The Dawn of Helpful Robots: How AI Revolutionized Robotics and Unleashed a Funding Boom

Nana WuJuly 7, 2025

0 10 9 minutes read

The landscape of robotics, long characterized by ambitious dreams and incremental progress, is undergoing a profound transformation. For decades, roboticists envisioned machines capable of mirroring the intricate complexity of the human body, only to find their careers focused on the practical, albeit less glamorous, automation of factory assembly lines. The aspiration was often for a C-3PO-like companion, a sentient being that could navigate the world, adapt to unforeseen circumstances, and interact safely with humans. Instead, many found themselves refining robotic arms for repetitive tasks or developing simpler devices like the Roomba. This historical disconnect between grand visions and practical limitations had fostered a palpable hesitancy within Silicon Valley, a reluctance to invest heavily in the promise of truly helpful robots, despite their potential to assist individuals with mobility challenges, combat loneliness, or undertake hazardous work, while simultaneously offering a source of tireless, wage-free labor.

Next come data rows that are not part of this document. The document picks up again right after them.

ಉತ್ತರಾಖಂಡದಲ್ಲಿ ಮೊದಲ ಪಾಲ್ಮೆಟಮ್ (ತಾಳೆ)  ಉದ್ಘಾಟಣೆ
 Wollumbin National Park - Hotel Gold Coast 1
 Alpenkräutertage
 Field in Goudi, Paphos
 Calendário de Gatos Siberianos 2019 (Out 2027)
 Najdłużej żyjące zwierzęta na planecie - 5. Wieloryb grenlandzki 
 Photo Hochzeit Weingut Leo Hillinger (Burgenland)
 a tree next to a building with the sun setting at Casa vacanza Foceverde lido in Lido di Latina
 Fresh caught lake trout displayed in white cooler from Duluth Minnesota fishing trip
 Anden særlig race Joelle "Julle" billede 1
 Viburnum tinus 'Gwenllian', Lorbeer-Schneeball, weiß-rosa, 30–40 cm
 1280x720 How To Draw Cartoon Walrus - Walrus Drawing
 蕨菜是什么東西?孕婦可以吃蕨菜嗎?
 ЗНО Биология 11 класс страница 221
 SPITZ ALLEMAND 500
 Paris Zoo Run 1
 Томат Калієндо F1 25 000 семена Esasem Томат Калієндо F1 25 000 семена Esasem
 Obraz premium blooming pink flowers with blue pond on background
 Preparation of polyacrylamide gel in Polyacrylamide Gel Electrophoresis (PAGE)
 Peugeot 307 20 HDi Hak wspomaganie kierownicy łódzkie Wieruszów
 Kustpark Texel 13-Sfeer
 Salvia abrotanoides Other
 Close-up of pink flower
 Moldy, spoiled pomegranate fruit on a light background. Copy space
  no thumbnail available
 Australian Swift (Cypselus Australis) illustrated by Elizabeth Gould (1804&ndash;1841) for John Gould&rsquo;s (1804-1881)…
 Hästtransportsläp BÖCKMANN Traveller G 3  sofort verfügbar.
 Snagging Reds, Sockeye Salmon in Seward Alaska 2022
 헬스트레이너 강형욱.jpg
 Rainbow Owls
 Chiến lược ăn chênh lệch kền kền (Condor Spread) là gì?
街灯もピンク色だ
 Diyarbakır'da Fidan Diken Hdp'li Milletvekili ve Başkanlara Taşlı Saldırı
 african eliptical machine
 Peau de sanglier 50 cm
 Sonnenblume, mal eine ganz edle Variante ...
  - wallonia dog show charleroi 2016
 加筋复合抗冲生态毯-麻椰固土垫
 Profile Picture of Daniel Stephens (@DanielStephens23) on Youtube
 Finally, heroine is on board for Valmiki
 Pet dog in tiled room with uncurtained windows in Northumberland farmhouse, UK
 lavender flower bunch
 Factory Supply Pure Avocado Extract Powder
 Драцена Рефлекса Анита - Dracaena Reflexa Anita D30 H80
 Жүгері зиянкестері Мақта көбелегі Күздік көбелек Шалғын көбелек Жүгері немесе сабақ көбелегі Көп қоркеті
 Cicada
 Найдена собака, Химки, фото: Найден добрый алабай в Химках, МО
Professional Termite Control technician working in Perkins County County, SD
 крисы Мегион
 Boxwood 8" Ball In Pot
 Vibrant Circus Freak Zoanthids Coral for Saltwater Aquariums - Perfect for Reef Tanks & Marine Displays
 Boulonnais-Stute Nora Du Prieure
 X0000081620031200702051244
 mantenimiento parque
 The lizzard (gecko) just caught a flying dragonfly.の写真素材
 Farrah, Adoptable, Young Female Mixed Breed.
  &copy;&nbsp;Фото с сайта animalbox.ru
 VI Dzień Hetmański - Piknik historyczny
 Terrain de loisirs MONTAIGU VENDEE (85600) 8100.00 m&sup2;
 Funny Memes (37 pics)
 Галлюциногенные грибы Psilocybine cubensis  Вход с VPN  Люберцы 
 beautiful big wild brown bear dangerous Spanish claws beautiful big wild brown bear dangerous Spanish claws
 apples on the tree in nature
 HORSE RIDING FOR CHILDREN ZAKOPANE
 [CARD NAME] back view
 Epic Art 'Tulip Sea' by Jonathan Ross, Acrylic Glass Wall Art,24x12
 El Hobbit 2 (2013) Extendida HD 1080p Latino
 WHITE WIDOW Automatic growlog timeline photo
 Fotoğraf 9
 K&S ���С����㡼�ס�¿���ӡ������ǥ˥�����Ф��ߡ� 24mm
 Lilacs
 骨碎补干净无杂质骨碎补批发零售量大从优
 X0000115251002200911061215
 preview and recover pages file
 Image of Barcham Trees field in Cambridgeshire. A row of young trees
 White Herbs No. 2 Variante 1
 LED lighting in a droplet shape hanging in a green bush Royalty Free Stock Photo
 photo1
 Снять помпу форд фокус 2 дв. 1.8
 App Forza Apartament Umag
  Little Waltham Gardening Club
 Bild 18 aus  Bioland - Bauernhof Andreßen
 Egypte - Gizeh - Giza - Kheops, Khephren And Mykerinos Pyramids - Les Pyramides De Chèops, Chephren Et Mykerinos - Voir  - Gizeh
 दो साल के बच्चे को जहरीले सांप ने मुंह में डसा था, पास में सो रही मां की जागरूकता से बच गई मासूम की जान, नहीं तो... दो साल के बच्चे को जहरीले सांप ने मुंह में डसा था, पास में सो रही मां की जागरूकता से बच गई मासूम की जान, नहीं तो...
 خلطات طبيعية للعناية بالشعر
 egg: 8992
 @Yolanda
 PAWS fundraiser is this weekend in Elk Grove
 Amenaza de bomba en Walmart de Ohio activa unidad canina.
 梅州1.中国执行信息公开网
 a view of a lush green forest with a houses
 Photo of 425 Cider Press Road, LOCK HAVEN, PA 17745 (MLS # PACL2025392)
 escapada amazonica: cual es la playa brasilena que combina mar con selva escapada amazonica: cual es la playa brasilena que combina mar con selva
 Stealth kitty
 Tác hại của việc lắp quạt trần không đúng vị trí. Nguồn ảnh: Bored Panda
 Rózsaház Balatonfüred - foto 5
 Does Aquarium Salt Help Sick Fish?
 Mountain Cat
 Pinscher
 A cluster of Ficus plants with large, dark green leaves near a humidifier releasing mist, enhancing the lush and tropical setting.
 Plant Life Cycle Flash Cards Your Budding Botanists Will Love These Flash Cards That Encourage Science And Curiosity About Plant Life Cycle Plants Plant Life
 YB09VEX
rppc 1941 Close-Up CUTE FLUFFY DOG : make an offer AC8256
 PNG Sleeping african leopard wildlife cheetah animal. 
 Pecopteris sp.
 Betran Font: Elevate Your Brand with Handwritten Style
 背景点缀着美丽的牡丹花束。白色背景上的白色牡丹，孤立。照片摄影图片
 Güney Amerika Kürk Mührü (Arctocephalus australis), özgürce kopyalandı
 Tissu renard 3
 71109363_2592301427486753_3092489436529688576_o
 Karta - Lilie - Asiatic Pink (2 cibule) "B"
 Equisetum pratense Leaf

However, a seismic shift has occurred. While the fully realized, ubiquitous helpful robot remains a future prospect, the financial momentum has irrevocably changed. In 2025 alone, companies and investors poured an astounding $6.1 billion into humanoid robot development, a fourfold increase from the $1.5 billion invested in 2024. This surge in capital is not a speculative bubble but a direct consequence of a fundamental revolution in how machines learn to perceive and interact with their environment.

The traditional approach to robotics, often referred to as "rule-based programming," demanded an exhaustive anticipation of every conceivable scenario. Imagine programming a robotic arm to fold laundry. This would necessitate meticulously crafting a complex set of rules: define acceptable fabric deformation limits, identify the shirt’s collar, specify precise gripper movements for folding sleeves, account for rotation and twists, and incorporate logic for countless other variables. While this method could yield reliable results, the sheer volume and intricacy of the required rules quickly became unmanageable, proving to be a significant bottleneck in achieving versatile robotic capabilities.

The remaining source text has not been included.